Être adulte est-il souhaitable ?

par Renée Archambault

Au tout début, nos yeux voient le monde pour la première fois. Chaque nouvelle expérience nous remet au monde avec énormément d’excitation. Chaque expérience nous modèle, telle une vie qui s’imprime peu à peu. Nous sommes neufs et tout nous revient, rien n’existait avant nous, tout est facile.

Pourquoi faut-il s’éloigner de cette vague qui nous donne vie, même si ce n’est plus exactement comme pour la première fois ? Pourquoi faut-il que l’on nous fasse croire que les jeunes sont ceux pour qui ça compte vraiment ? On propose trop souvent aux adultes de s’oublier, comme si la vie se terminait à 30 ans, comme s’il n’y avait pas assez d’amour sur terre pour tous ses habitants, comme si le lot des adultes était de vivre dans l’ombre de leurs enfants, de leurs obligations ou de leurs années de jeunesse. Finalement, il n’y a que les enfants et les jeunes pour qui la vie est importante.

Et si les adultes avaient besoin de garder un lien avec leur jeunesse ? Les adultes ne sont jamais tout à fait adultes. Les enfants ne sont jamais tout à fait enfants… La maturité sommeille en eux, tout près, la maturité s’éveille et se rendort. L’adulte abrite un enfant souvent mort-né, un enfant qui n’est plus admis, un enfant qui, s’il était reconnu, lui apporterait jeunesse. Pourquoi faut-il être soit enfant, soit adulte ? Y a-t-il quelque chose de tout à fait pur dans la nature ?

Qu’arrive-t-il lorsque l’on perd le contact avec sa jeunesse, avec ses rêves, avec sa vitalité, avec soi ? Qu’est-ce qui nous pousse à nous lever le matin ? Qu’est-ce qui distingue une personne d’une autre, à part ses rêves, sa personnalité et son physique ?

L’adulte se perd trop souvent dans la nuit des temps, dans un espace où plus rien n’est connu, plus aucune référence ; une descente où même la forme de son corps est indistincte, où il se perd de plus en plus, où il s’éloigne de lui et de son but. Impressions angoissantes que l’inconnu, l’errance, l’impuissance, la non-reconnaissance.

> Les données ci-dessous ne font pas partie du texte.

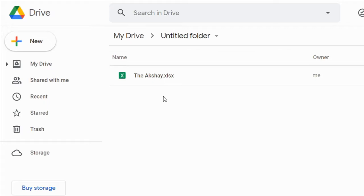Hey there. Today we are going to see how to open an Excel file in Google Sheets. There are three ways to do it.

Combien de temps peut-il vivre dans ce puits sans fonds, dans cette noirceur d’où il ne voit plus son image ?

Inconscient de soi ? Entend-il son cœur battre ? Voit-il l’éclat de sa peau ? Perçoit-il une inspiration à certains moments de sa vie ? Reçoit-il parfois des confirmations de son chemin ?

Aucun ne mérite de se perdre, si ce n’est pour se retrouver doublement. Aucun ne mérite de souffrir, si ce n’est pour quintupler sa force.

Plus j’avance et plus mon moi grandit et plus mes besoins se font pressants. Je ne voudrais pas ne plus avoir besoin des autres, mais en avoir le besoin d’une façon différente.

Que chacun puisse s’arrêter, se chercher, jusqu’à ce qu’il se trouve. Qu’il se trouve, qu’il se goûte et qu’il ne se perde plus jamais, sauf pour un bref instant.